--- DATA FOR REVIEW Enclosed Below ---
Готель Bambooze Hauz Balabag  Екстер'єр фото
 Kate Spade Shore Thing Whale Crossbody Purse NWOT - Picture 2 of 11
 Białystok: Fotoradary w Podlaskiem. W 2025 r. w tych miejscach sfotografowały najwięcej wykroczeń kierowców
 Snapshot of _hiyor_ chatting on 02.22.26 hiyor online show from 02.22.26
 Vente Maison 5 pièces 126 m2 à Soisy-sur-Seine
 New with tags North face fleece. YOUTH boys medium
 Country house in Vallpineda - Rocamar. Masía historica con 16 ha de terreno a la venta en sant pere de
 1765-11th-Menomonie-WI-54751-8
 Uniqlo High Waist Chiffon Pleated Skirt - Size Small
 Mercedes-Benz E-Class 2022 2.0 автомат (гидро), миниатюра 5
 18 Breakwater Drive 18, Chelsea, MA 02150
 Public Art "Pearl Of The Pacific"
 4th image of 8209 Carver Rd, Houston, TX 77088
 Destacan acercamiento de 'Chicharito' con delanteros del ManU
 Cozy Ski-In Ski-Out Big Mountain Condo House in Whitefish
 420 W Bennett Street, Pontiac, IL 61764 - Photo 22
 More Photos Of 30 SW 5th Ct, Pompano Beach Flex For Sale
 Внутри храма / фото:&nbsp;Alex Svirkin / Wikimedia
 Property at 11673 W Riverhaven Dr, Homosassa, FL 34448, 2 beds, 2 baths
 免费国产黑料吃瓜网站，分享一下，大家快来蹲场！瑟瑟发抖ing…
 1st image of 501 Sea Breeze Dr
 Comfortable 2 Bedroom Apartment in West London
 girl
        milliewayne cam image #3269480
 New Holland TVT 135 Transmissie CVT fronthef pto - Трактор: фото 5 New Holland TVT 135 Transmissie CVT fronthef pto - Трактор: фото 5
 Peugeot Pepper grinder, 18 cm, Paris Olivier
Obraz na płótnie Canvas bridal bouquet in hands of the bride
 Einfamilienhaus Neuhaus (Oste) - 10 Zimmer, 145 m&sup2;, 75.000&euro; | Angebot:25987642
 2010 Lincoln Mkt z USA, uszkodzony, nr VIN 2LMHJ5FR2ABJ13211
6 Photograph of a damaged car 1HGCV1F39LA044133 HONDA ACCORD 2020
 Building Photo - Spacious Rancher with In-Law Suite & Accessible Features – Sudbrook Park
--- End of Enclosed DATA FOR REVIEW ---
WHAT IS EXPECTED »
Among the records above, only the lines between the line holding "Destacan acercamiento de" and the line holding "Obraz na płótnie", inclusive, are to be output, exactly as written.

WRITTEN RESPONSE »
 Destacan acercamiento de 'Chicharito' con delanteros del ManU
 Cozy Ski-In Ski-Out Big Mountain Condo House in Whitefish
 420 W Bennett Street, Pontiac, IL 61764 - Photo 22
 More Photos Of 30 SW 5th Ct, Pompano Beach Flex For Sale
 Внутри храма / фото:&nbsp;Alex Svirkin / Wikimedia
 Property at 11673 W Riverhaven Dr, Homosassa, FL 34448, 2 beds, 2 baths
 免费国产黑料吃瓜网站，分享一下，大家快来蹲场！瑟瑟发抖ing…
 1st image of 501 Sea Breeze Dr
 Comfortable 2 Bedroom Apartment in West London
 girl
        milliewayne cam image #3269480
 New Holland TVT 135 Transmissie CVT fronthef pto - Трактор: фото 5 New Holland TVT 135 Transmissie CVT fronthef pto - Трактор: фото 5
 Peugeot Pepper grinder, 18 cm, Paris Olivier
Obraz na płótnie Canvas bridal bouquet in hands of the bride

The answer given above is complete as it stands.